(Short web captions)
Start of Block

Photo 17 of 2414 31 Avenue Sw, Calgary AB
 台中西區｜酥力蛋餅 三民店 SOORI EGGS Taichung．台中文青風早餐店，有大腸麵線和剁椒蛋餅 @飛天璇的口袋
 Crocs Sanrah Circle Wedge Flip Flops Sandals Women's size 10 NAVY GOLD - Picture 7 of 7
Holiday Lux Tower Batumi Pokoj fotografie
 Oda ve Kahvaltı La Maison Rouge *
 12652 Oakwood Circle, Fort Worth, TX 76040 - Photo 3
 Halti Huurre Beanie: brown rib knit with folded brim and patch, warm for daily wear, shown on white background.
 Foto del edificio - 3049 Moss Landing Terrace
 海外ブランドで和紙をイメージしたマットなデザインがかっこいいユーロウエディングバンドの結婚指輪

End of Block

[Task objective]
Looking at the data above, count the lines that contain the string "Photo" and give only the count.

[Solution to the exercise]
2